Despite pyloric stenosis being a relatively common pediatric diagnosis, there is a paucity of literature describing the presence of concurrent portal venous gas and its implications. While there have been previously reported studies of portal venous gas associated with pyloric stenosis (Table 1), this is the first compilation of these studies to our knowledge. The management of these patients remains highly variable, with previous studies reporting a variety of evaluations ranging from no additional interventions to serial imaging and empiric antibiotics. Comparable to prior studies, surveillance imaging was obtained in our case, and there was ultimately resolution following pyloromyotomy. It is evident that there remains a gap in widespread recognition of this apparent benign association. Further, there remains an opportunity to standardize the management of patients with pyloric stenosis who have concomitant findings of portal venous gas. We would propose that it be appropriate for no further diagnostic or therapeutic interventions be performed in well-appearing patients with pyloric stenosis who have incidental findings of portal venous gas. The finding of portal venous gas should not delay surgical intervention in patients with pyloric stenosis.
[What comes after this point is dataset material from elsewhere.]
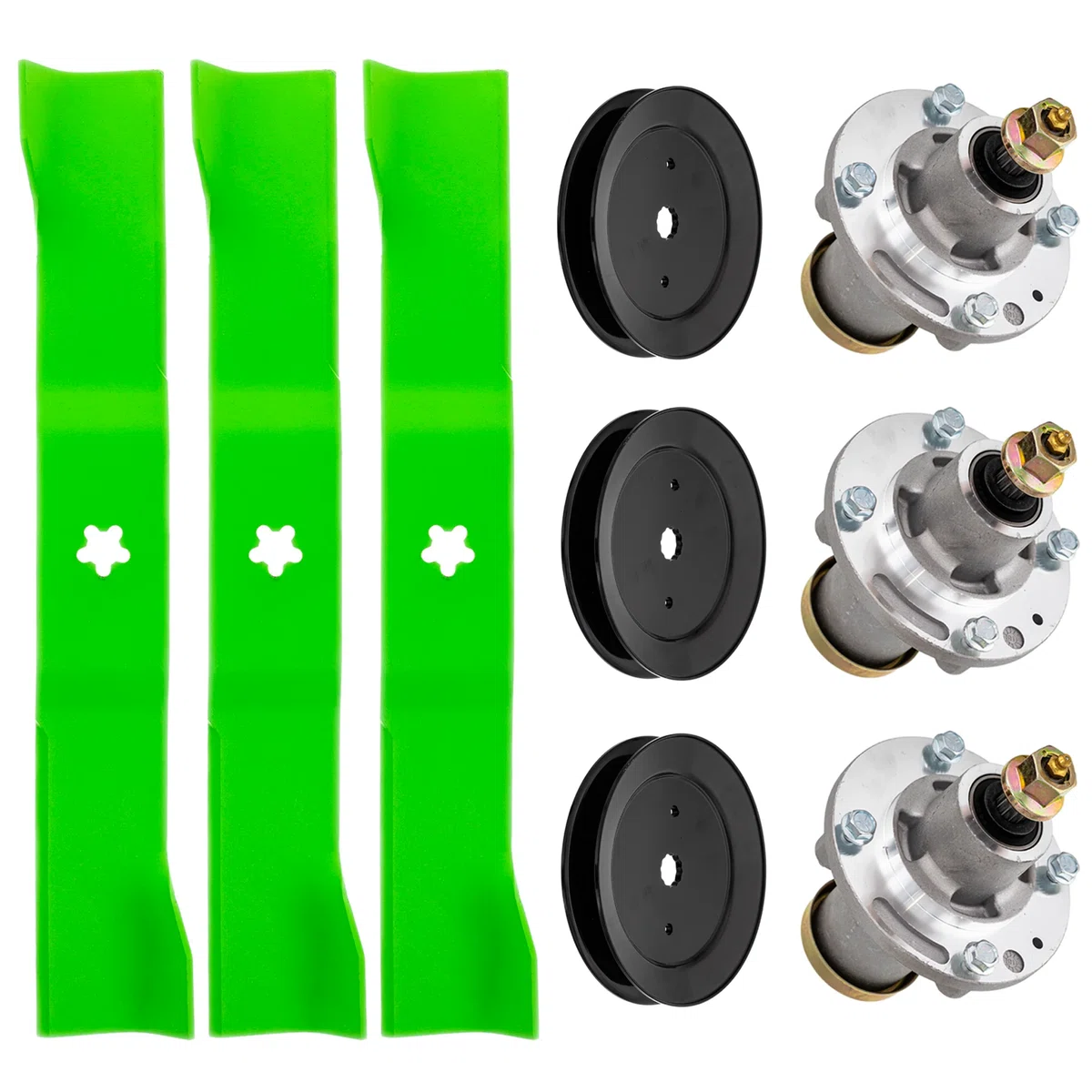 Blade Spindle Kit for Husqvarna LGT54DXL TS354D 54-Inch 582062502 539112170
Table 1. Previously published studies of portal venous gas in the setting of pyloric stenosis.
Diagnosis associated with pyloric stenosis Imaging obtained Outcome described Publication Publication type
Portal venous gas Abdominal ultrasound, duplex ultrasound of portal vein, abdominal plain films Resolution following pyloromyotomy Sorantin et al. [5] Case report
Portal venous gas Abdominal ultrasound, abdominal computed tomography (CT) scan Benign course following pyloromyotomy Sarti and Kennedy [6] Case report
Gastric pneumatosis and portal venous gas Abdominal ultrasound, abdominal plain films Rapid resolution following pyloromyotomy Bhargava and Parisi [7] Case report
Portal venous gas and gastric pneumatosis All with abdominal ultrasound (one case with serial ultrasounds) and abdominal plain films Correlation recognized in 4 cases; outcomes not described Cohen et al. [8] Case series
Hepatic portal venous gas Abdominal ultrasounds (serial), abdominal plain films, upper gastrointestinal series (serial), upper endoscopy Resolution following pyloromyotomy Daniel et al. [9] Case report
Portal venous gas Not described No significant difference in outcome or length of hospital stay for patients with and without portal venous gas, the finding of portal venous gas appears benign Kelly et al. [2] Retrospective review
Hepatic portal venous gas Abdominal ultrasound Uncomplicated course following pyloromyotomy Asemota et al. [10] Case report

4 CONCLUSION

This report suggests that in a clinically well patient without other signs or symptoms of necrotizing enterocolitis, portal venous gas may be a benign finding associated with pyloric stenosis. For patients with a diagnosis of pyloric stenosis who are also found to have portal venous gas on ultrasound, there may not be a need for further investigation when there is otherwise low clinical suspicion for necrotizing enterocolitis. Further investigation could lead to potentially unnecessary radiation exposure and antibiotic overuse in the vulnerable neonatal population. At a system level, this could also lead to potentially unnecessary utilization of intensive care resources, prolonged length of stay, and consequential increase in healthcare costs.

CONFLICT OF INTEREST STATEMENT

The authors declare no conflicts of interest.

ETHICS STATEMENT

Written informed consent was obtained from the parent of the patient presented in this report, who understands and agrees to the publication of the case.